Le 16 avril, l’Autorité européenne de sécurité des aliments (Efsa) a refusé de se prononcer sur la sécurité du maïs génétiquement modifié (GM) 98140 pour la santé humaine et animale. En cause ? Si certains points de l’évaluation ont pu être conduits à bien, « globalement, l’Autorité n’a pu finaliser l’évaluation des risques associés au maïs GM 98140 en raison des lacunes constatées dans l’évaluation comparative effectuée par le demandeur, et elle n’a donc pas été en mesure de tirer de conclusions sur sa sécurité en ce qui concerne les effets potentiels sur la santé humaine et animale ». Ce refus est une première depuis que l’autorité s’est engagée à rendre publique ses évaluations.

La procédure d’évaluation comparative dispense le pétitionnaire qui demande l’homologation de fournir des analyses de toxicité, expliquait fin 2012 Christophe Noisette d’Inf’OGM à Actu-environnement. Une situation qui renvoie directement aux questions soulevées par l’étude Séralini qui pointait les risques liés à l’absence d’étude de toxicité sur une longue période. Une révision de la procédure d’évaluation des risques des plantes génétiquement modifiées (PGM) à destination de l’alimentation humaine et animale avant autorisation de mise sur le marché est en cours en Europe.
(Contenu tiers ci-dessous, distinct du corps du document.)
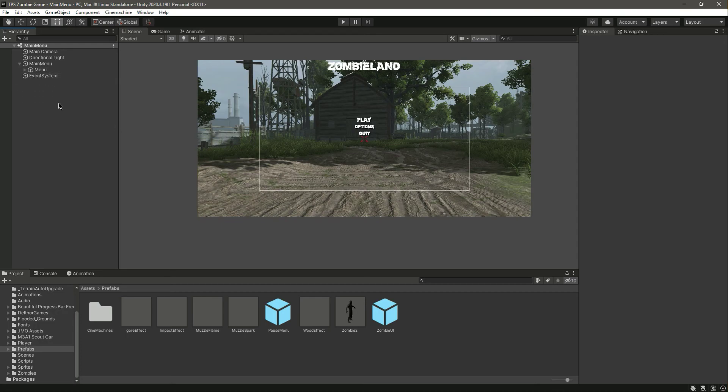The next thing we will be doing is creating the 'select player' option — so when the player clicks on that option, we will give them the ability to select different players. For that we need to create a menu, but we will do that in the next video. Catch you guys in the next one!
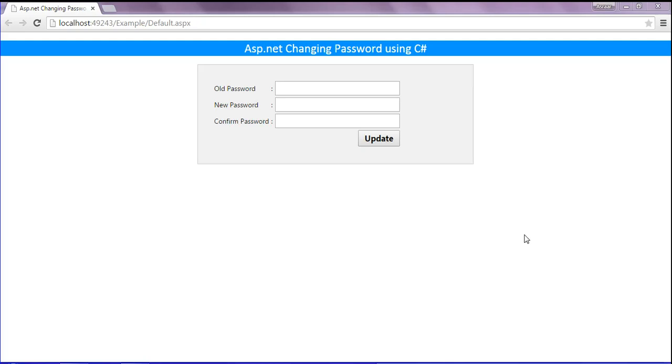Hi friends, this is Yashrar. In this session we will discuss about ASP.NET changing password using C-Sharp.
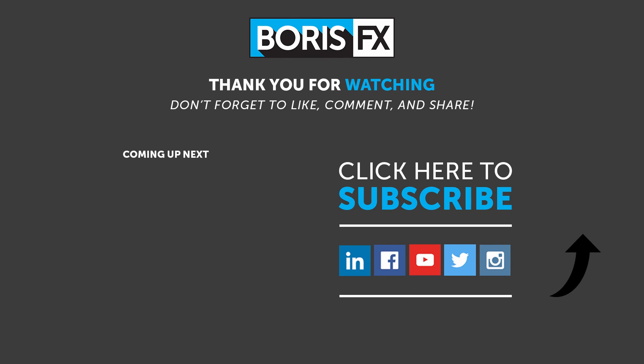Thanks for watching and be sure to go to BorisFX.com to download a free trial of Boris Continuum so you can try this out yourselves. If you want to see more of this type of tutorial or you have some ideas of your own, be sure to leave a comment below. Also subscribe to the Boris YouTube channel to stay up to date with the latest information and training materials on all Boris FX products.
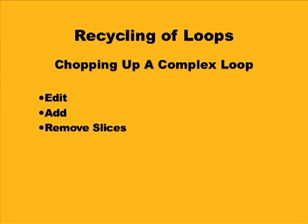You will have to add your own slices, edit the slices, and move some of them around. So let's look at how we would do that with a more complicated loop.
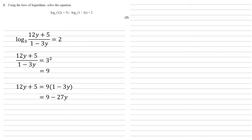Adding 27y to both sides and subtracting 5 gives us 39y equals 4. So y equals 4 over 39.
Ce maïs développé par Pioneer et DuPont et résistant à certains herbicides, dont le glyphosate substance active du Round Up, fait l’objet actuellement d’une demande d’homologation européenne pour l’importation, la transformation, l’alimentation humaine, l’alimentation animale et l’alimentation humain ou animale dérivée. L’avis de l’Efsa fait partie des éléments pris en compte par la Commission européenne et les Etats membres dans le cadre de l’autorisation des organismes génétiquement modifiés (OGM) dans l’Union européenne (UE).
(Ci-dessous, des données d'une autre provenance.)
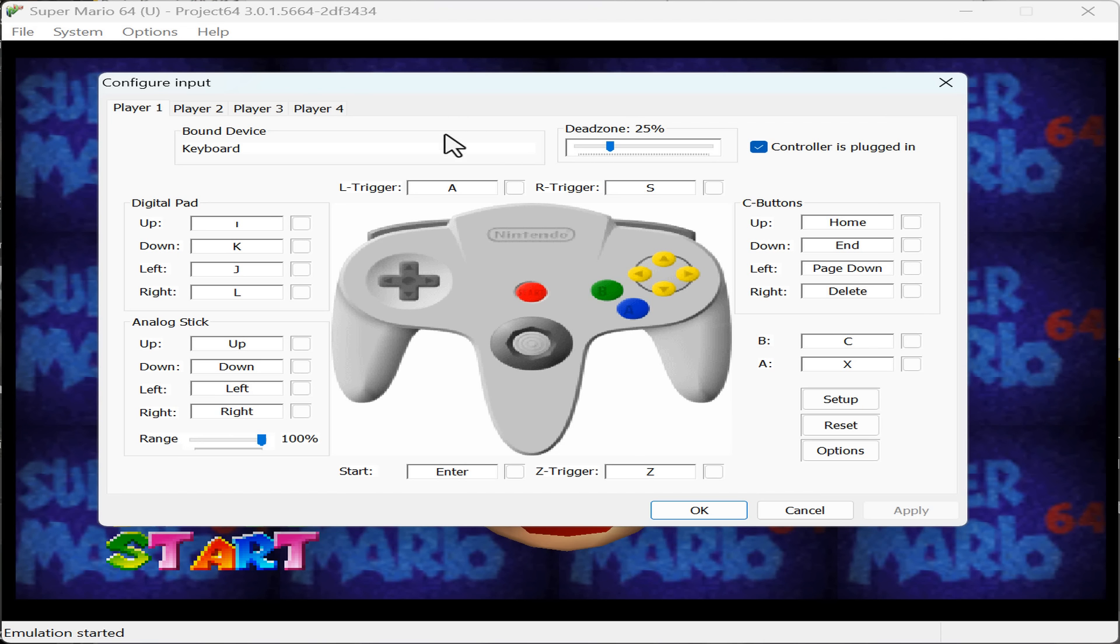After this, a window should appear like the one shown. By default, Project 64 uses your keyboard as the only way to play your game.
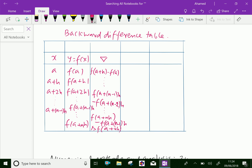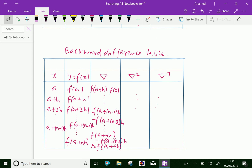Then, like that, we fill in the inverted delta squared (second backward difference), the third backward difference, and so on. In the backward difference table, the differences in each column start from the bottom of the table. The leading backward differences are inverted delta f of a plus n times h, inverted delta squared f of a plus n times h, and so on. By this way, we can fill in the forward and backward difference table.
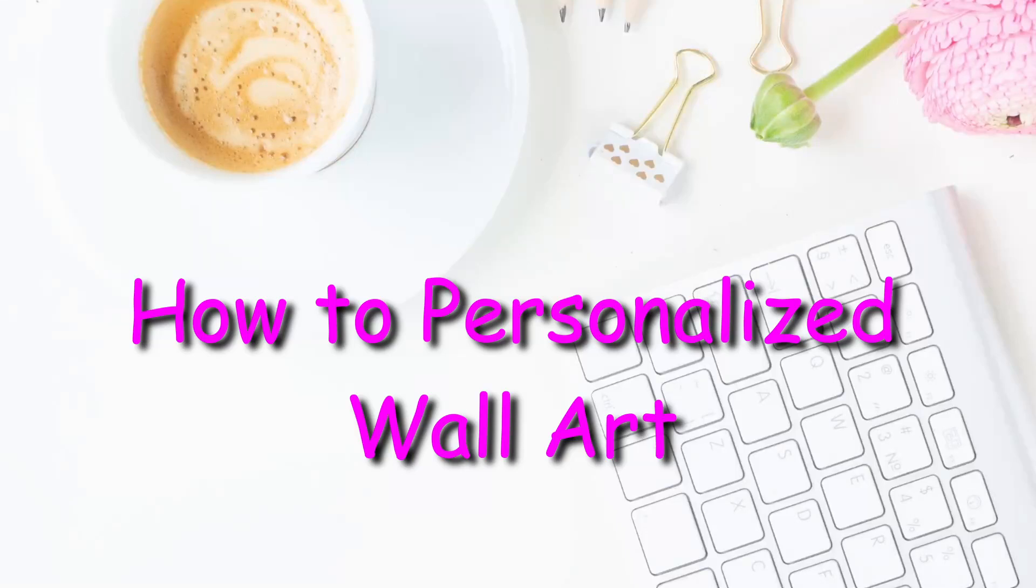Hello and welcome back, my friends. Today I'm going to show you how to create some beautiful wall art, so stay tuned.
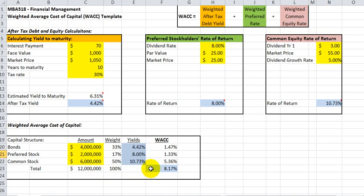In the example shown here, the firm's weighted average cost of capital is 8.17%. This is considered the hurdle rate that the firm will use to assess any potential investment opportunities.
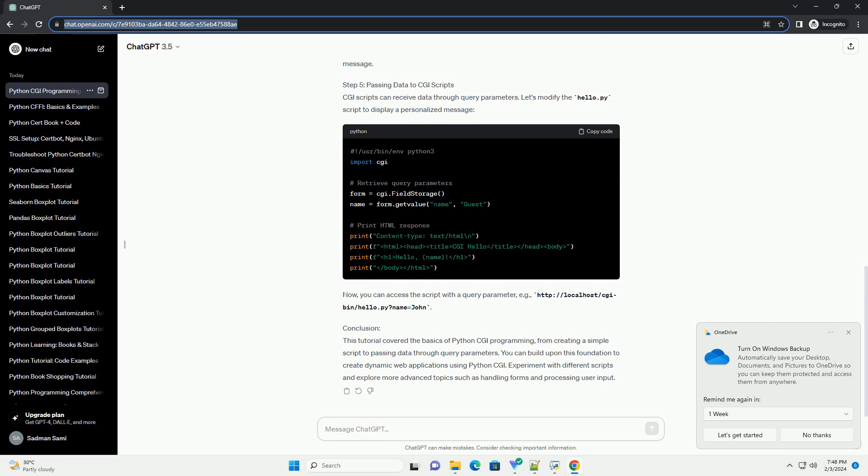Step 5: Passing Data to CGI Scripts. CGI scripts can receive data through query parameters. Let's modify the hello.py script to display a personalized message.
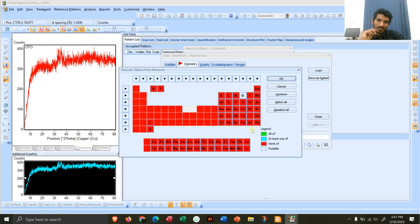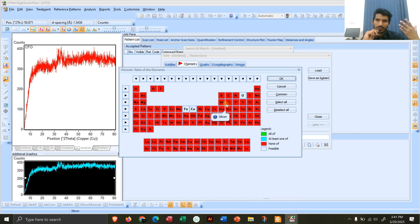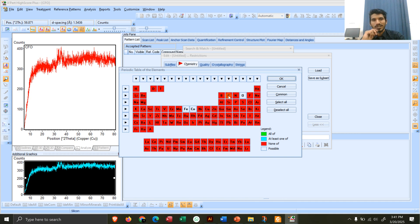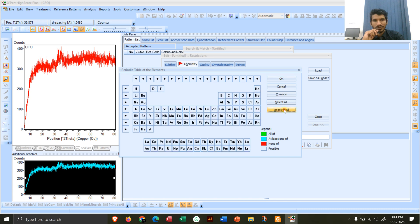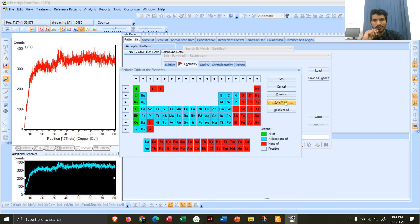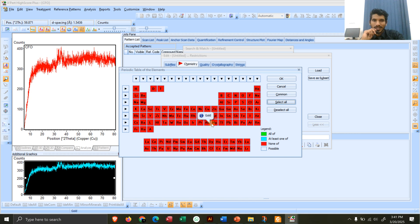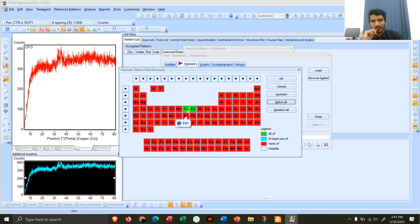Go to the Priority Table. There are options: red means none of those elements should be searched — they are not present in the compound. Select all and toggle until all are turned red (none present). Now, since I know my compound contains cobalt, I will color cobalt green (definitely present). I am also definitely sure that iron must be present, so I color iron green. And oxygen should also be present, so I color oxygen green as well.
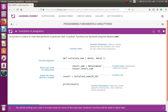A function is a block of code that performs a particular task. Remember, a function is also known for its reusability feature. You define a function once and it can be used multiple times wherever it is required. Python functions are declared using the keyword def.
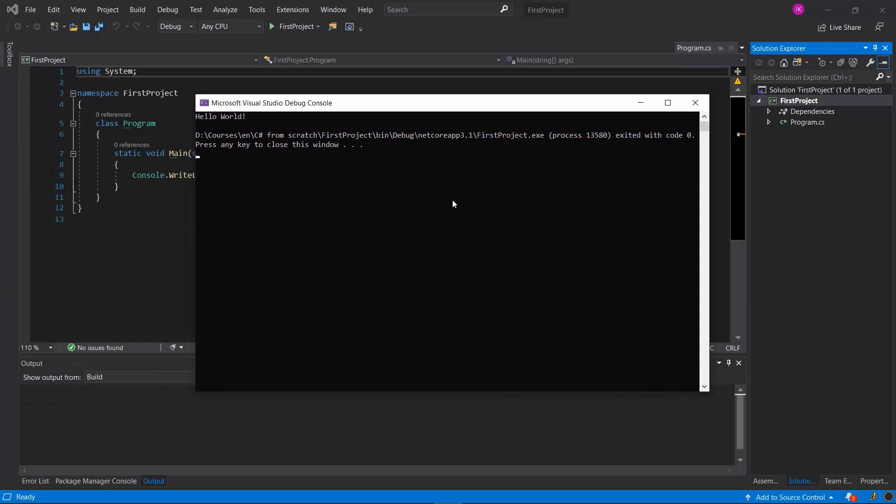As you can see Visual Studio has opened a debug console and here is the output of our project. From now on I will use the option to start the project from Visual Studio.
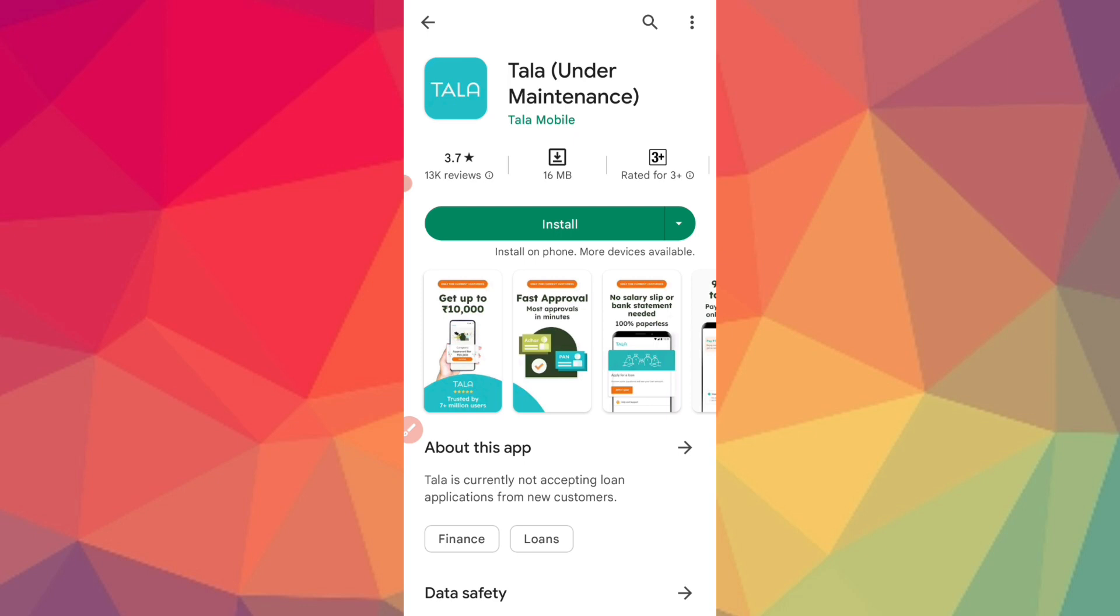So this is another best application where you can get a loan. So this is the video. Please like and subscribe. In the next video, we will provide more useful information. See you guys in the next video, bye.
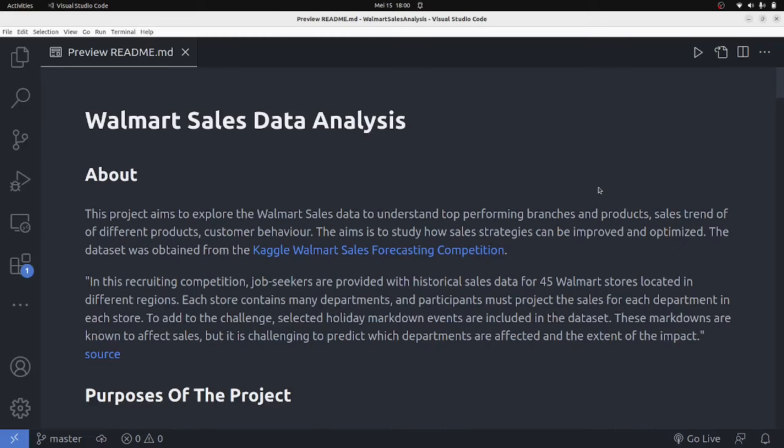Hello guys, welcome back to the channel. In this video we'll explore a portfolio project for data analysis using the Walmart sales dataset. As a data analyst, creating a portfolio project can be an excellent way to showcase your skills and abilities to potential employers. In this project we will be focused on analyzing Walmart sales data to gain insights and improve business strategies. We'll use MySQL, a popular open-source relational database management system, to store and manipulate data.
Problème de comparaison OGM – conventionnel

Le principal reproche formulé à l’encontre du dossier d’homologation concerne les données indispensables à la réalisation d’une évaluation comparative. Cette évaluation, « condition fondamentale pour évaluer les risques associés aux organismes génétiquement modifiés (OGM)« , vise à comparer les plantes GM et les aliments qui en sont dérivés avec leurs équivalents traditionnels respectifs. Elle part du principe que les aliments dérivés de plantes conventionnelles ont des antécédents d’utilisation sûre et qu’ils peuvent servir de référence pour évaluer les risques associés aux aliments dérivés de plantes GM. Une telle étude est requise au titre de la législation de l’UE, précise l’Efsa.